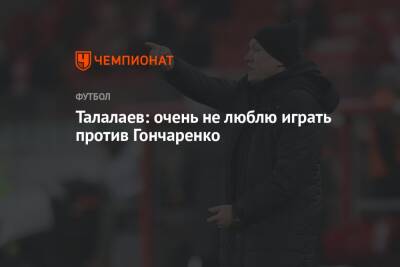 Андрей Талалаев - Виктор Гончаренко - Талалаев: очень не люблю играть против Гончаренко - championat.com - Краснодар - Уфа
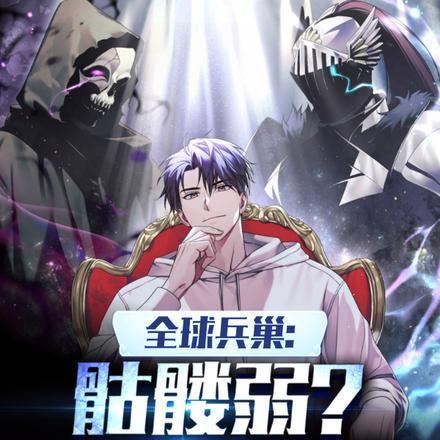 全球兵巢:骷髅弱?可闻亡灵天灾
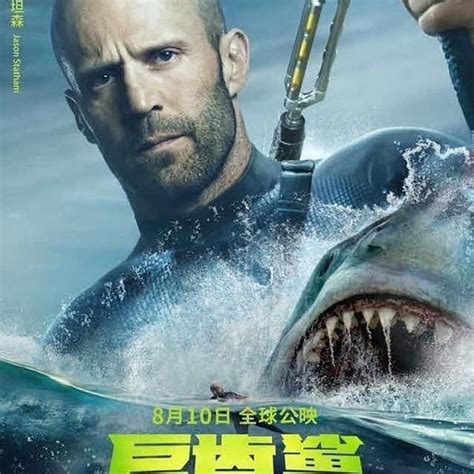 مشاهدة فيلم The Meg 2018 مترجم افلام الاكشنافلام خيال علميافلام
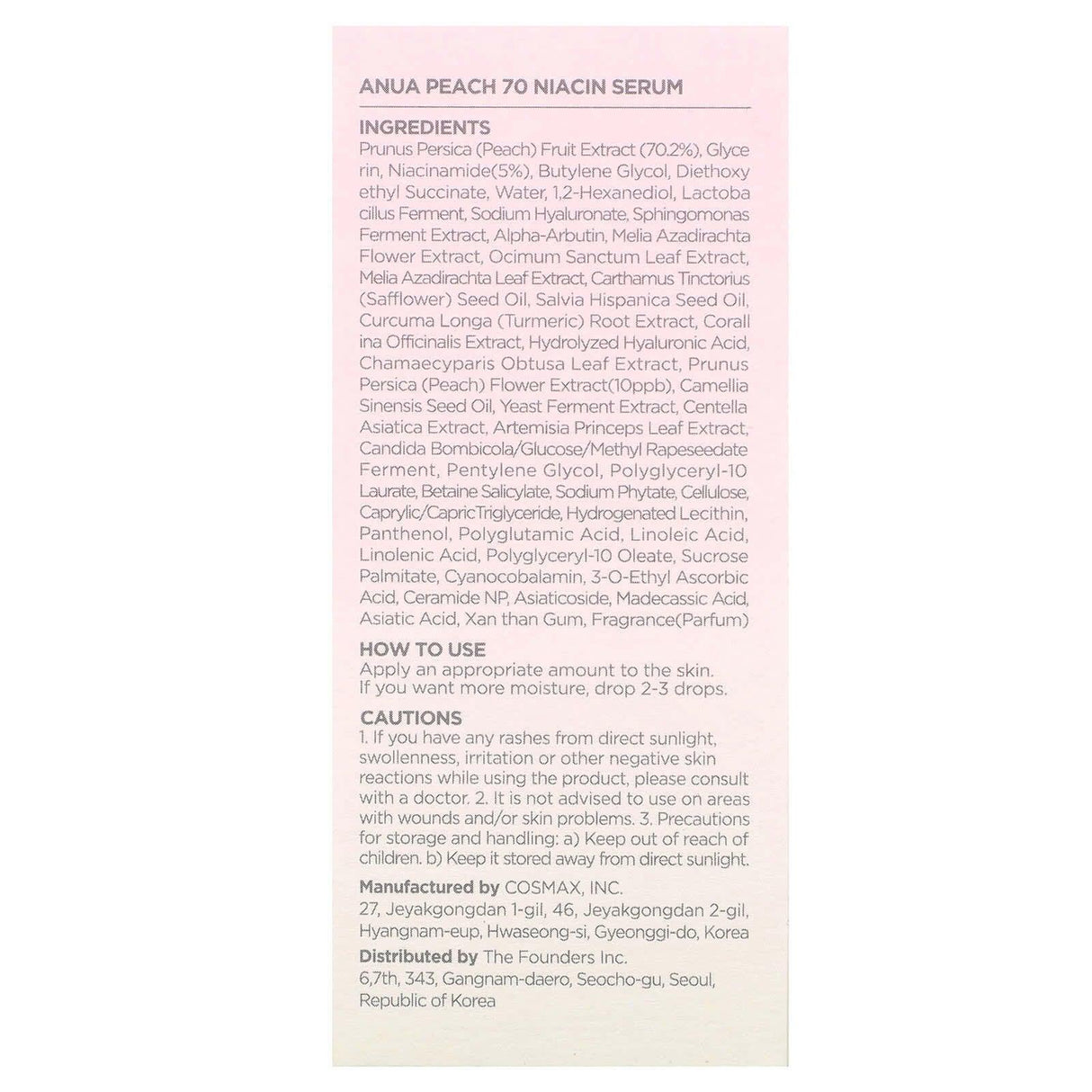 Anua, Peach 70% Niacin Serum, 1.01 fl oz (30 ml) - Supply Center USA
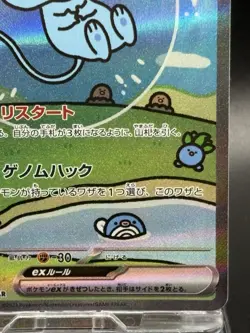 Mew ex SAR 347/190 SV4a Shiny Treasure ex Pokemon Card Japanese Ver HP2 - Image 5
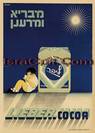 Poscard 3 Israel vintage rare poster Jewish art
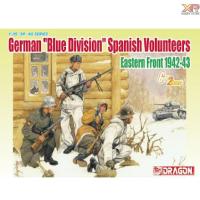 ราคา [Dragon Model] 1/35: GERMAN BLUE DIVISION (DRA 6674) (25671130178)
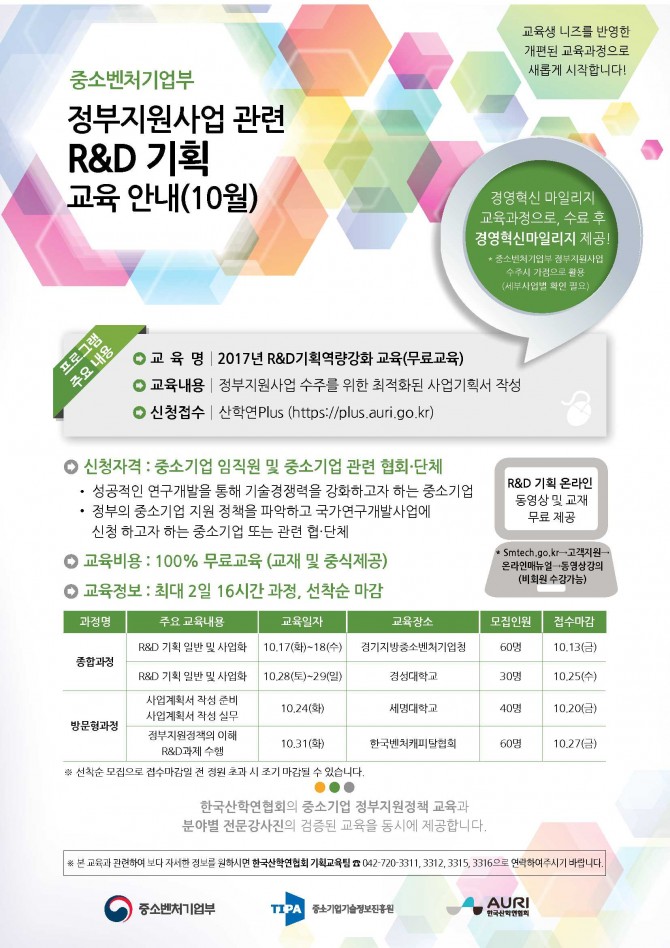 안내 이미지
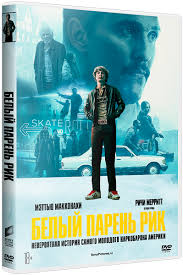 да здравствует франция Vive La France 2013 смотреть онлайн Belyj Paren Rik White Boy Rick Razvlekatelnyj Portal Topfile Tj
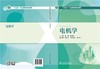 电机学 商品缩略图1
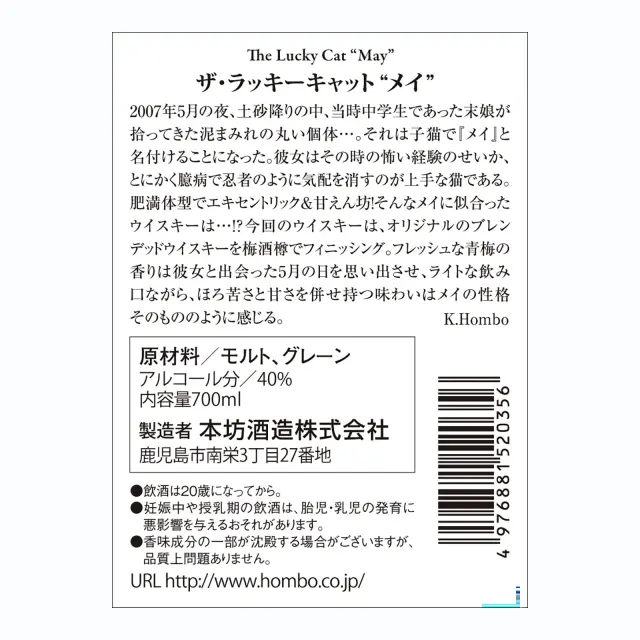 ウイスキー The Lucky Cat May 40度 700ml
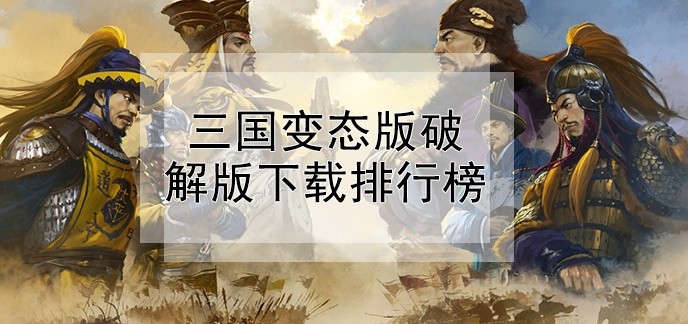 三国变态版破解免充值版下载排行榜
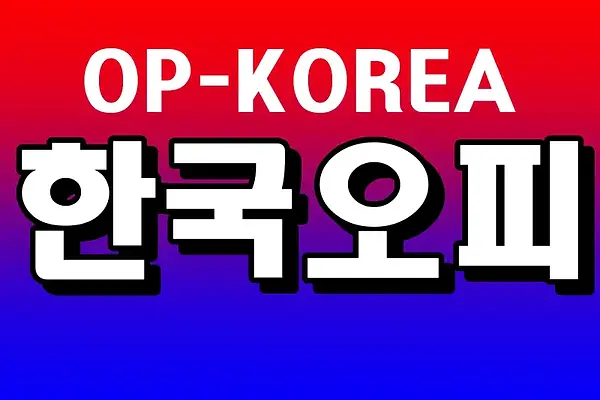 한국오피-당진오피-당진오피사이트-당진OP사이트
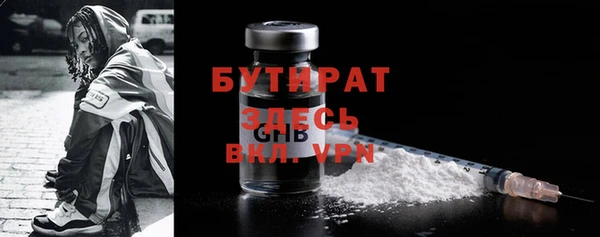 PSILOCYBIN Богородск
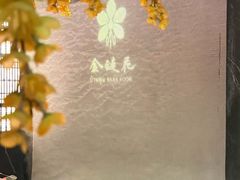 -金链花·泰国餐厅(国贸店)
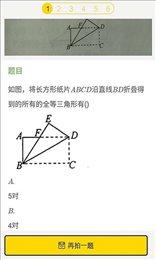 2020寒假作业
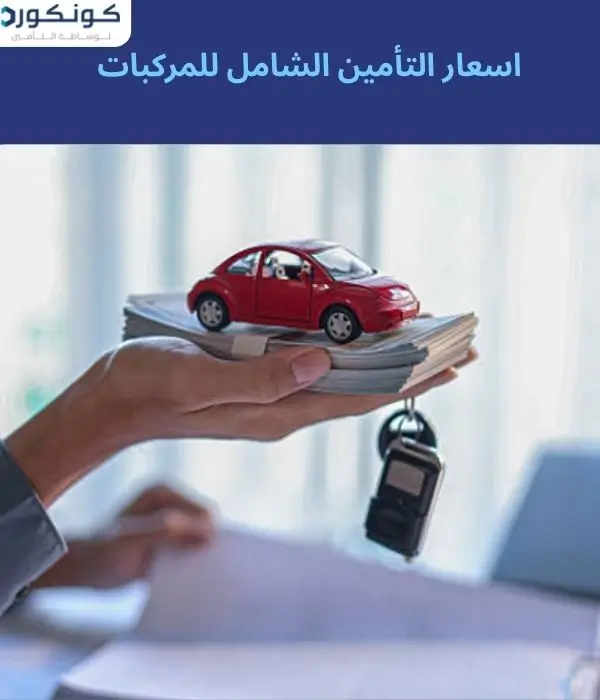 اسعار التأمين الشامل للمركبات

- - - - - - -

The output must start at the line holding "한국오피-당진오피-당진오피사이트-당진OP사이트", end at the last line of the listing above, and show each line exactly; please omit all pictures.

> [RESPONSE BOX]
 한국오피-당진오피-당진오피사이트-당진OP사이트
 PSILOCYBIN Богородск
 -金链花·泰国餐厅(国贸店)
 2020寒假作业
 اسعار التأمين الشامل للمركبات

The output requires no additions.